Shanghai Grand
Reviewed by YTSL
I had high hopes for this 1996 Film Workshop
adaptation of a popular early 1980s TV series that starred Chow Yun-Fat
and Ray Lui in the roles played here by Leslie Cheung and Andy Lau.
For one thing, it is a favorite of a Hong Kong movie friend and Brian also
had good things to say about it. For another, Leslie Cheung is known
for being more astute than many other Hong Kong performers -- including
his way more prolific co-star -- with regards to his choice of which work
he is willing to be a part. Then there was the promise that came
from this offering having a 1930s Shanghai setting and its producer, Tsui
Hark, seeming to be able to do more substantive things with period pieces
than (more) temporally contemporary works.
SHANGHAI GRAND gets off on a promisingly powerful
note with an opening scene that takes place on a boat being buffeted by
high waves and stormy weather. The film's audience gets thrown straight
into an intense situation which involves the torture of a couple of betrayed
members of "the Taiwan People's League" (in a bid to discover which of
them is a man named Hui Man Keung), the cold-blooded machine-gunning of
all but one of the captives plus a gun battle between the one escapee and
the archvillainess along with her henchmen (while an individual later revealed
to be the chief traitor of the patriotic Taiwanese Chinese cause looks
on). It also is via these circumstances and on this vessel that we
get introduced to three people who will play key parts in the rest of this
action drama's proceedings.
Leslie Cheung -- silly little moustache, stubble
and all -- is mesmerizing as the smoldering Hui Man Keung (and IMHO, it
is really only when he is on screen that this often wonderfully atmospheric
yet at times surprisingly hollow feeling work has a heart). Almen
Wong spices up things with her portrayal of the formidable female Japanese
collaborator who unfortunately does not have that large a part in SHANGHAI
GRAND. To keep the elements of surprise that ought to remain in certain
salient plot twists that occur later in this multi-stranded movie, I think
it best to not reveal who plays the third of this trio of characters.
However, the reader -- and (potential) viewer of this film -- would do
well to note that Hui's chief visual memory of one of his hated enemies
is that this individual is a smoker of cigars. Similarly, a cheongsam's
pattern is what the revenge-seeking Hui utilizes to identify the sadistic
woman responsible for the death of his comrades.
For a not particularly ideal or logical reason,
SHANGHAI GRAND has a second story line whose focus is an individual who
literally rises from being a nightsoil collector to a powerful Triad boss.

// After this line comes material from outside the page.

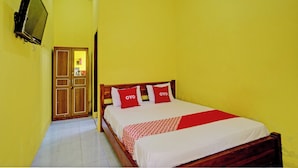 Quarto casal standard | Escrivaninha, Wi-Fi de cortesia, roupa de cama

Andy Lau plays Ding Lik as a man whose ambitions are stoked in part by
his wanting to be considered worthy of his wealthy patron's daughter (The
Mainland Chinese actress, Ning Jing, plays Fung Ching Ching while the Taiwanese
actor, Wu Hsing Kuo, plays her gangster father, Fung King Yin). For
me, this character -- but not necessarily the actor who plays him -- is
the film's major weak component. One big problem is that the makers
of the movie appeared to be counting on the viewers to be sympathetic to
Ding just because he comes in the form of the good-looking and often elegantly
attired Andy Lau. As such, someone like me who thinks the Cantopop
Sky King is okay but not great will find it difficult to understand why
Amanda Lee's minor character would fall for him, and -- more significantly
-- will neither be shocked nor aghast that the woman he loves does not
return his affections (This even without knowing that much about this girlish
character who also is too colorless for my liking).

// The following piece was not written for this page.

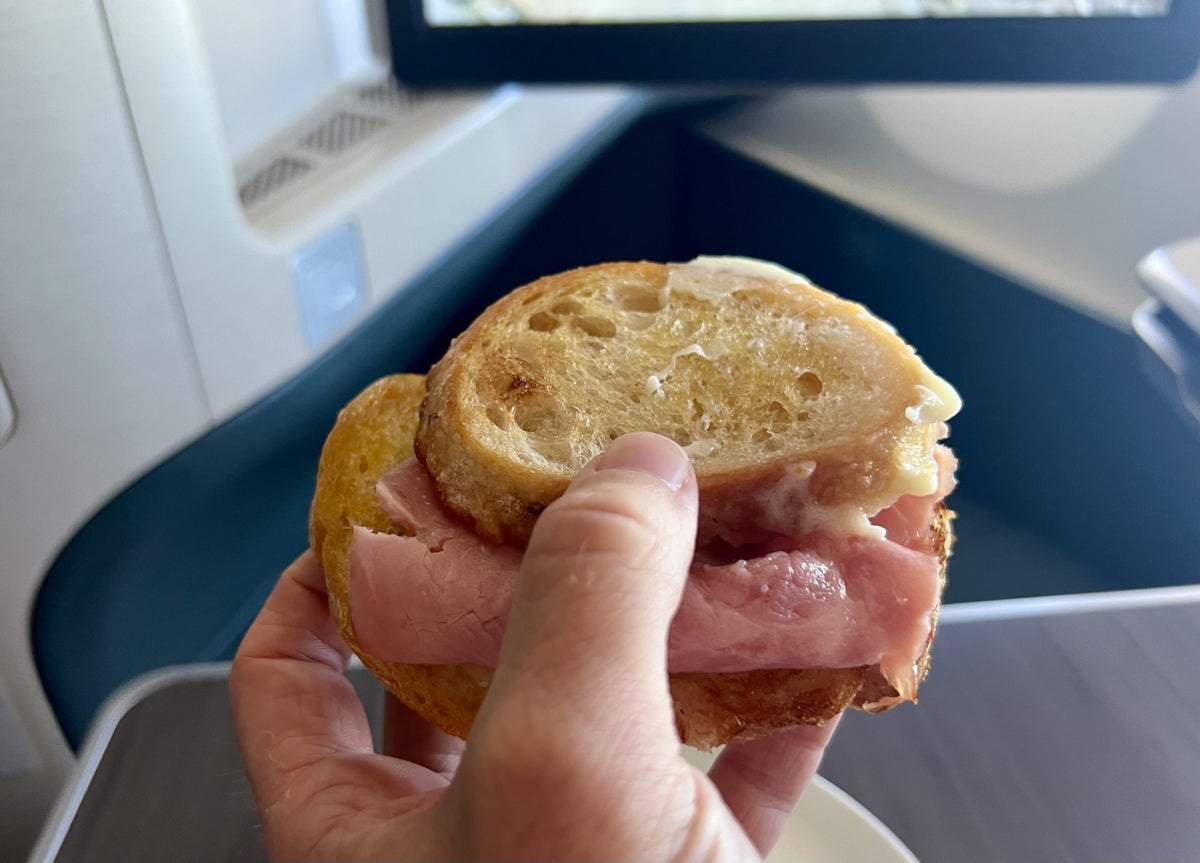 Cathay Pacific Airbus A35k business class toastie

The hokey manner in which Hui and Ding's paths
cross and lives get intertwined is something else that occurs in a manner
that does not help the cause of SHANGHAI GRAND. At the same time,
and worse, there is a predictability to the film that comes from one's
knowing that it really is only a complete piece of fiction. Consequently,
some way before its end, it ceases to be the effective affecting work that
its makers seemed to have sought for it to be. Perhaps it's no coincidence
then that its director (cum co-scriptwriter), Poon Man Kit, does not appear
to have been given a production to helm in the five years or so since this
disappointingly flawed movie -- which nevertheless has a choice scene involving
a boa constrictor! -- was first released in Hong Kong cinemas.
My rating for this film: 6.

DVD Information:
Distributed by Mei Ah
The transfer is very nice - good color tones,
sharp, clean.
Letterboxed
Cantonese and Mandarin language tracks.
9 Chapters
The subtitles are Chinese or English or none
- and easy to read.
There is a trailer for this film - but no others.